(Work instruction) Output exactly the first line of the listing and each line after it, through the line that contains "JF2SJAEC5JH611841: 43025964"; add nothing else.
•••
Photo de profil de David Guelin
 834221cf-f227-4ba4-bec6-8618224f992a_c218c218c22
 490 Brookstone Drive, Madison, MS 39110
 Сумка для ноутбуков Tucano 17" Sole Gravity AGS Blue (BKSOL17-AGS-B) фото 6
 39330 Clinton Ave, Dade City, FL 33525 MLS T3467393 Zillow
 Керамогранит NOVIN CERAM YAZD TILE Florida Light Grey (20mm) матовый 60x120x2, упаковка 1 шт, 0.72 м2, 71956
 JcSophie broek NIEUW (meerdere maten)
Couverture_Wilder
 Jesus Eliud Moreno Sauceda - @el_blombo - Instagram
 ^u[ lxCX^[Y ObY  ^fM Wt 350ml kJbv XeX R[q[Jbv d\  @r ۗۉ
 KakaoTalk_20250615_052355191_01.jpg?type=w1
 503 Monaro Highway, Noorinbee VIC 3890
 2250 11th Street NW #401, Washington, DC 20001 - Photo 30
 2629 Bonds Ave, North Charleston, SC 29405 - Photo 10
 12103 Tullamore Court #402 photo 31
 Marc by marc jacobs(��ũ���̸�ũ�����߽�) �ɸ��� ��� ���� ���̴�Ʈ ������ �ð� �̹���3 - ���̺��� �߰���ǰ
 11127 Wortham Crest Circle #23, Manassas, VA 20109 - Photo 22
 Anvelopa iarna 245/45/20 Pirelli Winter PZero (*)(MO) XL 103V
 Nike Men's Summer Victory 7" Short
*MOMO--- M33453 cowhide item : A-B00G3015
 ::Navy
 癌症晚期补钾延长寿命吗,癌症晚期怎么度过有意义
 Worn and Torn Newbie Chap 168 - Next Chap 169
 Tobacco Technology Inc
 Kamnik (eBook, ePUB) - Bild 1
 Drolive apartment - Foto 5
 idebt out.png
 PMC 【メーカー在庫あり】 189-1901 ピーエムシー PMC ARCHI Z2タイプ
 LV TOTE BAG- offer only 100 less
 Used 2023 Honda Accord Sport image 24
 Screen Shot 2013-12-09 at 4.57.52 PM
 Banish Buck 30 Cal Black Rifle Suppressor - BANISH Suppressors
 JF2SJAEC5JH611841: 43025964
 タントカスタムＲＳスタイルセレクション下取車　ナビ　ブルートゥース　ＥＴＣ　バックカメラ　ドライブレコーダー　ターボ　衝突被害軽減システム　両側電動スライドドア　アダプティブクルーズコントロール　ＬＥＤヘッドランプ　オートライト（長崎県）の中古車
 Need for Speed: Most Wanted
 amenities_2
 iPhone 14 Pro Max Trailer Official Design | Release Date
•••
(Answer section)
Photo de profil de David Guelin
 834221cf-f227-4ba4-bec6-8618224f992a_c218c218c22
 490 Brookstone Drive, Madison, MS 39110
 Сумка для ноутбуков Tucano 17" Sole Gravity AGS Blue (BKSOL17-AGS-B) фото 6
 39330 Clinton Ave, Dade City, FL 33525 MLS T3467393 Zillow
 Керамогранит NOVIN CERAM YAZD TILE Florida Light Grey (20mm) матовый 60x120x2, упаковка 1 шт, 0.72 м2, 71956
 JcSophie broek NIEUW (meerdere maten)
Couverture_Wilder
 Jesus Eliud Moreno Sauceda - @el_blombo - Instagram
 ^u[ lxCX^[Y ObY  ^fM Wt 350ml kJbv XeX R[q[Jbv d\  @r ۗۉ
 KakaoTalk_20250615_052355191_01.jpg?type=w1
 503 Monaro Highway, Noorinbee VIC 3890
 2250 11th Street NW #401, Washington, DC 20001 - Photo 30
 2629 Bonds Ave, North Charleston, SC 29405 - Photo 10
 12103 Tullamore Court #402 photo 31
 Marc by marc jacobs(��ũ���̸�ũ�����߽�) �ɸ��� ��� ���� ���̴�Ʈ ������ �ð� �̹���3 - ���̺��� �߰���ǰ
 11127 Wortham Crest Circle #23, Manassas, VA 20109 - Photo 22
 Anvelopa iarna 245/45/20 Pirelli Winter PZero (*)(MO) XL 103V
 Nike Men's Summer Victory 7" Short
*MOMO--- M33453 cowhide item : A-B00G3015
 ::Navy
 癌症晚期补钾延长寿命吗,癌症晚期怎么度过有意义
 Worn and Torn Newbie Chap 168 - Next Chap 169
 Tobacco Technology Inc
 Kamnik (eBook, ePUB) - Bild 1
 Drolive apartment - Foto 5
 idebt out.png
 PMC 【メーカー在庫あり】 189-1901 ピーエムシー PMC ARCHI Z2タイプ
 LV TOTE BAG- offer only 100 less
 Used 2023 Honda Accord Sport image 24
 Screen Shot 2013-12-09 at 4.57.52 PM
 Banish Buck 30 Cal Black Rifle Suppressor - BANISH Suppressors
 JF2SJAEC5JH611841: 43025964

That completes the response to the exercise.